[Problem details]
Repeat each entry below exactly as it stands.

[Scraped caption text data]
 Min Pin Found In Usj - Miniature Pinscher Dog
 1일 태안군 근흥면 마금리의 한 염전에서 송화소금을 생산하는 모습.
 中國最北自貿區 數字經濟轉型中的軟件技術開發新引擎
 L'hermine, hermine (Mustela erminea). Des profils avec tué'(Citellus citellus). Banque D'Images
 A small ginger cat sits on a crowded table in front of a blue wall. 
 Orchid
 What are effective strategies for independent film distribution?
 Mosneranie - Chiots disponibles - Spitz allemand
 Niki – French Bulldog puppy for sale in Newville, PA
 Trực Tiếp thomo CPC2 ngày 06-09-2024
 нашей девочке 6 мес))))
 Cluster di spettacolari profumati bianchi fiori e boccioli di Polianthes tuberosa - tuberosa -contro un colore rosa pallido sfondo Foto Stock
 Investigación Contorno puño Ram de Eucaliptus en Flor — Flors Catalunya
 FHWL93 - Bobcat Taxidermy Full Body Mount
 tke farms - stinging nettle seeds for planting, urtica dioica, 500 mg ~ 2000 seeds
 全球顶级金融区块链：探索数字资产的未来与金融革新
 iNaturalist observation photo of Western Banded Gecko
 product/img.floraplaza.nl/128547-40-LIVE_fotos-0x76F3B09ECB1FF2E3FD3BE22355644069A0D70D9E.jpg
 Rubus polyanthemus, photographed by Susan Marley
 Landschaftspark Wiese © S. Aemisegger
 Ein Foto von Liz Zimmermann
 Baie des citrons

[Solution for this task]
 Min Pin Found In Usj - Miniature Pinscher Dog
 1일 태안군 근흥면 마금리의 한 염전에서 송화소금을 생산하는 모습.
 中國最北自貿區 數字經濟轉型中的軟件技術開發新引擎
 L'hermine, hermine (Mustela erminea). Des profils avec tué'(Citellus citellus). Banque D'Images
 A small ginger cat sits on a crowded table in front of a blue wall. 
 Orchid
 What are effective strategies for independent film distribution?
 Mosneranie - Chiots disponibles - Spitz allemand
 Niki – French Bulldog puppy for sale in Newville, PA
 Trực Tiếp thomo CPC2 ngày 06-09-2024
 нашей девочке 6 мес))))
 Cluster di spettacolari profumati bianchi fiori e boccioli di Polianthes tuberosa - tuberosa -contro un colore rosa pallido sfondo Foto Stock
 Investigación Contorno puño Ram de Eucaliptus en Flor — Flors Catalunya
 FHWL93 - Bobcat Taxidermy Full Body Mount
 tke farms - stinging nettle seeds for planting, urtica dioica, 500 mg ~ 2000 seeds
 全球顶级金融区块链：探索数字资产的未来与金融革新
 iNaturalist observation photo of Western Banded Gecko
 product/img.floraplaza.nl/128547-40-LIVE_fotos-0x76F3B09ECB1FF2E3FD3BE22355644069A0D70D9E.jpg
 Rubus polyanthemus, photographed by Susan Marley
 Landschaftspark Wiese © S. Aemisegger
 Ein Foto von Liz Zimmermann
 Baie des citrons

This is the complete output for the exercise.